Exercise inputs.
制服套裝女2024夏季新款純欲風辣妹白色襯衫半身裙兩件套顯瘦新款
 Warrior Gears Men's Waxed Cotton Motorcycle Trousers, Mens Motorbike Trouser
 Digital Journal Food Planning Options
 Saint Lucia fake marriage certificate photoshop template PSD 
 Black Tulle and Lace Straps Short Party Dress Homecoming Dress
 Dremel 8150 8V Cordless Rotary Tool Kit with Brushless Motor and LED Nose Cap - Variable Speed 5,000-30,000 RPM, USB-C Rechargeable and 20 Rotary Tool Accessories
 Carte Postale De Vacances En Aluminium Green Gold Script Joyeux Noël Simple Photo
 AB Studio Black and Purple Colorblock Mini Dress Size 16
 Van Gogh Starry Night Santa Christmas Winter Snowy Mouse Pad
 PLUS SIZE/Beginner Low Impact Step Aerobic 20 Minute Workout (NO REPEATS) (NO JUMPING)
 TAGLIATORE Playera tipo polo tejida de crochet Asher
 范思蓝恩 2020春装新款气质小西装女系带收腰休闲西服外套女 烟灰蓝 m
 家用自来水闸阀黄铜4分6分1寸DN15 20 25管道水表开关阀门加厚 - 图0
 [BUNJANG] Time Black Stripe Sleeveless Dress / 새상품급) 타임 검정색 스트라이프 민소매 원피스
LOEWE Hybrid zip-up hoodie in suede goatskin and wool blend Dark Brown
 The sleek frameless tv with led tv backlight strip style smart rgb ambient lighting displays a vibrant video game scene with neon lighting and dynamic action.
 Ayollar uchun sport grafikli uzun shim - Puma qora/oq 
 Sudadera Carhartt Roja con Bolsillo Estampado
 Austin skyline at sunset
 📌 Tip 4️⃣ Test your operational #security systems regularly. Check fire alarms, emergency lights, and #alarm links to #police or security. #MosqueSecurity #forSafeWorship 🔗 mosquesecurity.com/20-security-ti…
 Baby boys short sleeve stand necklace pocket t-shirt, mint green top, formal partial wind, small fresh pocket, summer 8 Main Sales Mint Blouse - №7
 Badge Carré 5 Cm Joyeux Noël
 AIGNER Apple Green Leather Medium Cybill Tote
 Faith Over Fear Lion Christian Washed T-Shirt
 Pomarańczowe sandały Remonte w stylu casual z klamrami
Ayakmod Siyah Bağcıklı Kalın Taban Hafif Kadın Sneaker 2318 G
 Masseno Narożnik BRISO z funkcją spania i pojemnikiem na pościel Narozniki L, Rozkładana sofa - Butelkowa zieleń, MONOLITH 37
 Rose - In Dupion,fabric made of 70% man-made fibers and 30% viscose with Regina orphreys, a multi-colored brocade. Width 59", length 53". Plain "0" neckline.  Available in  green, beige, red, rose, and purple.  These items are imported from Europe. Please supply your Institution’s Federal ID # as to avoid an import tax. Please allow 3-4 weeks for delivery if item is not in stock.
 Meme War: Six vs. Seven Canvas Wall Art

Activity. Considering the records line by line, how many lines hold the string "Dress"? Say only the number.

Exercise response. 3